> _TRY IT_
Every entry below should be reproduced exactly; no picture is to be included.

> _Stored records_
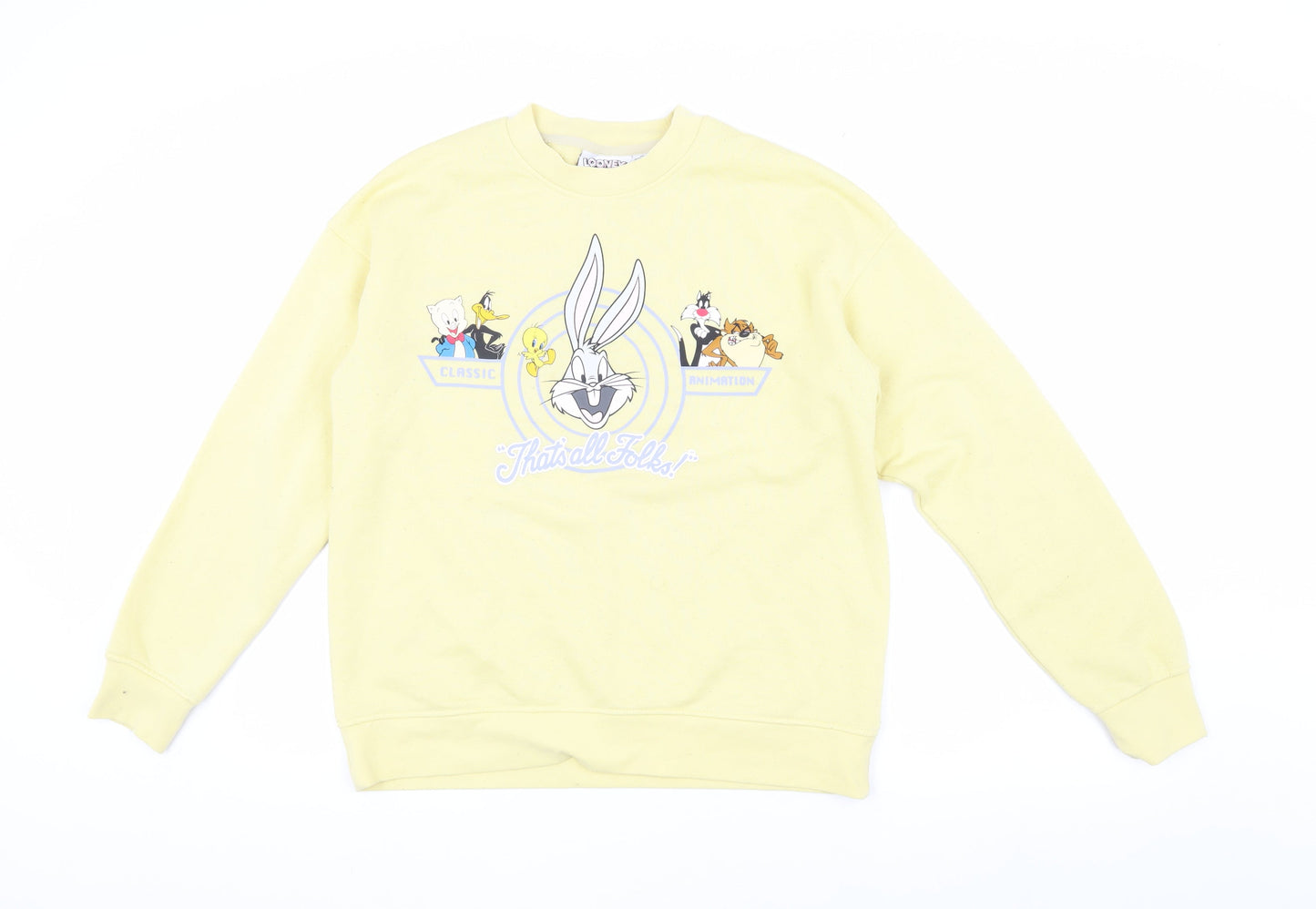 Unisex Adults UK XS Regular Looney Tunes Yellow Pullover Sweatshirt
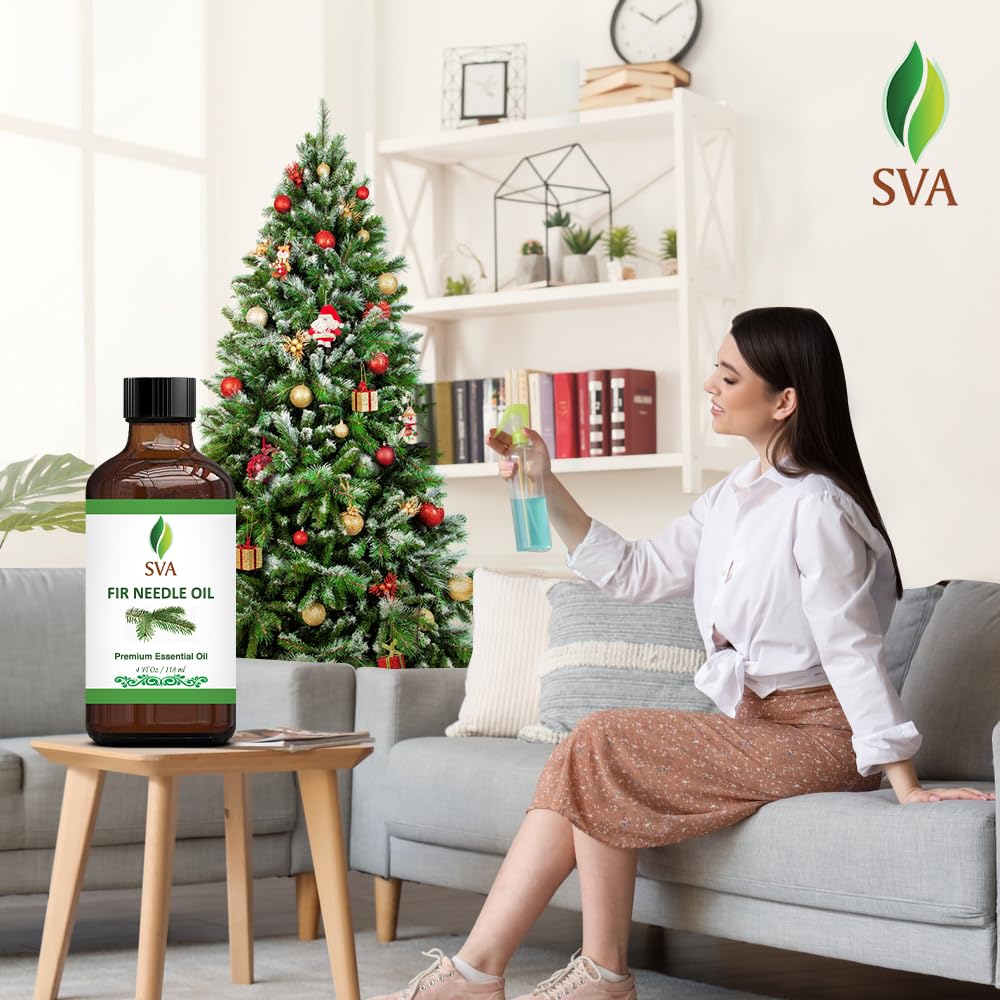 SVA Fir Needle Essential Oil – 4 Fl Oz – 100% Natural Fir Needle Oil - for Diffuser, Hair Care, Face, Skin Care, Aromatherapy, Scalp and Body Massage, Soap and Candle Making – with Dropper - Image 3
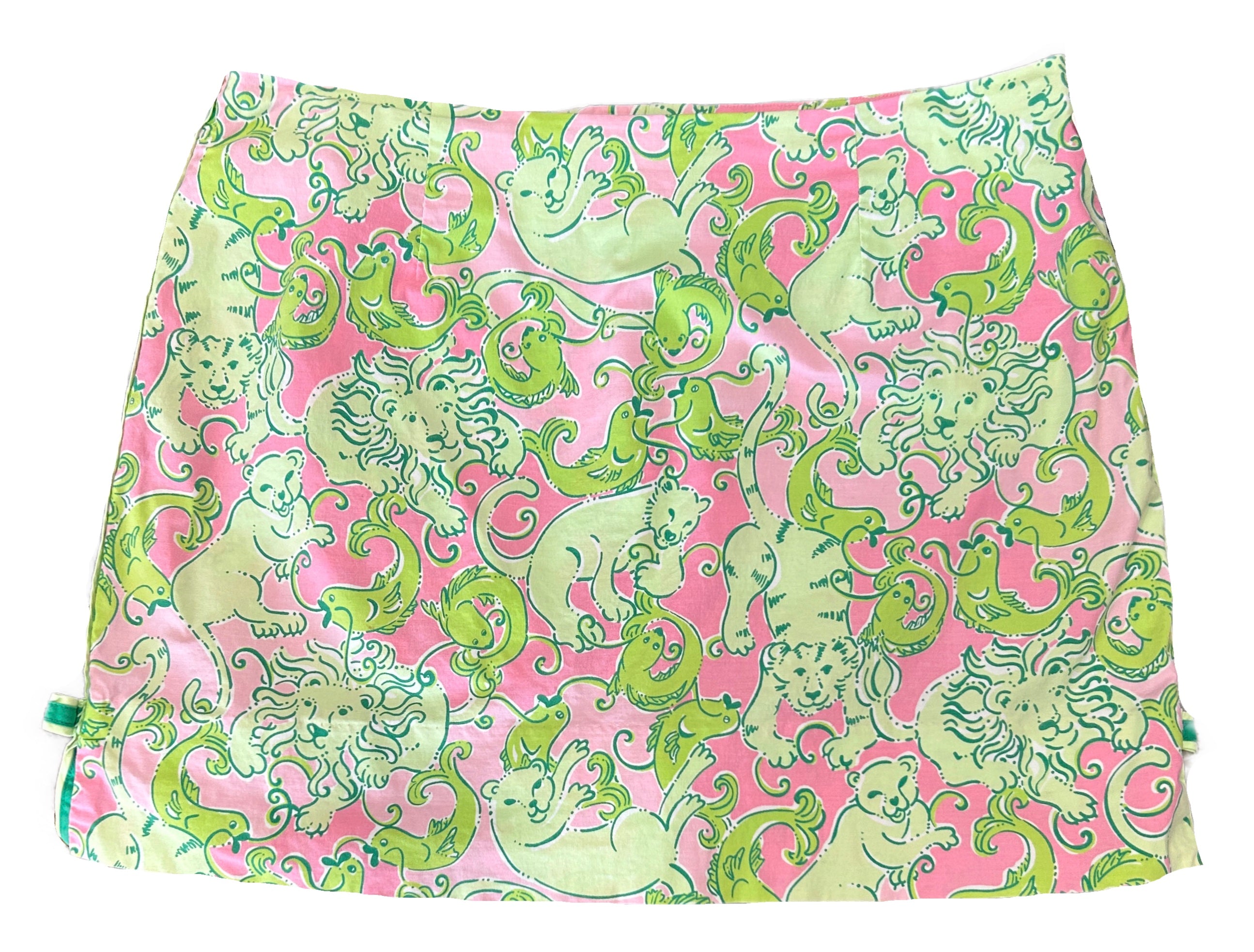 Lilly Pulitzer Pink & Green Animal Patterned Women's Golf Skort Size 8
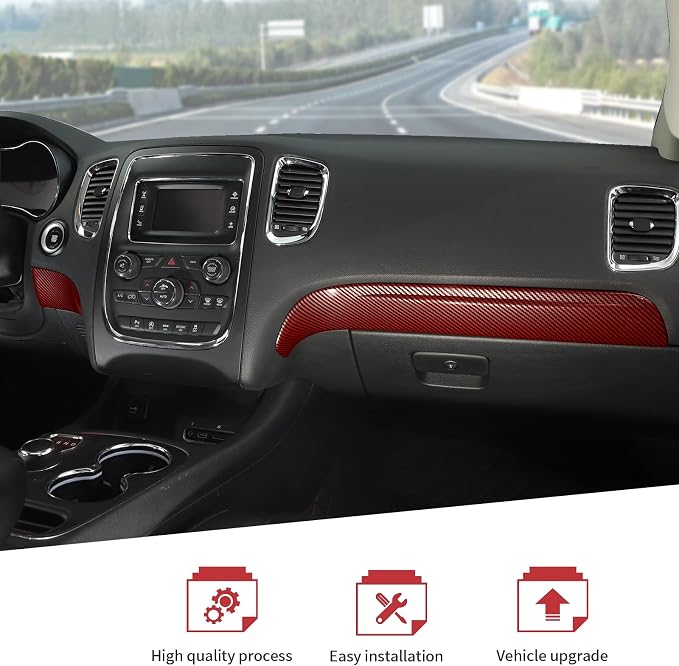 JeCar for Durango Red Carbon Fiber Interior Center Console Dash Panel Trim Fit for 2014-2020 Dodge Durango Interior Accessories (3pcs)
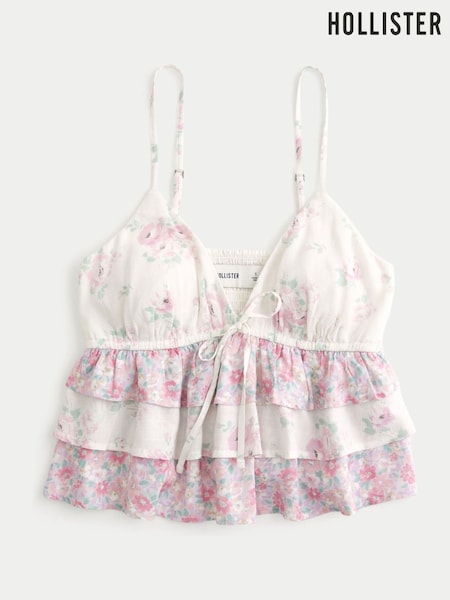Hollister Pink V-Neck Tiered Babydoll Cami top (H18825) | £28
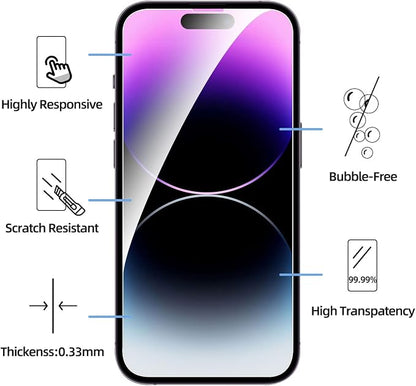 NEW'C 3 Pack Designed for iPhone 14 Pro Max Screen Protector, Enhanced Tempered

> _TASK RESULT_
 Unisex Adults UK XS Regular Looney Tunes Yellow Pullover Sweatshirt
 SVA Fir Needle Essential Oil – 4 Fl Oz – 100% Natural Fir Needle Oil - for Diffuser, Hair Care, Face, Skin Care, Aromatherapy, Scalp and Body Massage, Soap and Candle Making – with Dropper - Image 3
 Lilly Pulitzer Pink & Green Animal Patterned Women's Golf Skort Size 8
 JeCar for Durango Red Carbon Fiber Interior Center Console Dash Panel Trim Fit for 2014-2020 Dodge Durango Interior Accessories (3pcs)
Hollister Pink V-Neck Tiered Babydoll Cami top (H18825) | £28
 NEW'C 3 Pack Designed for iPhone 14 Pro Max Screen Protector, Enhanced Tempered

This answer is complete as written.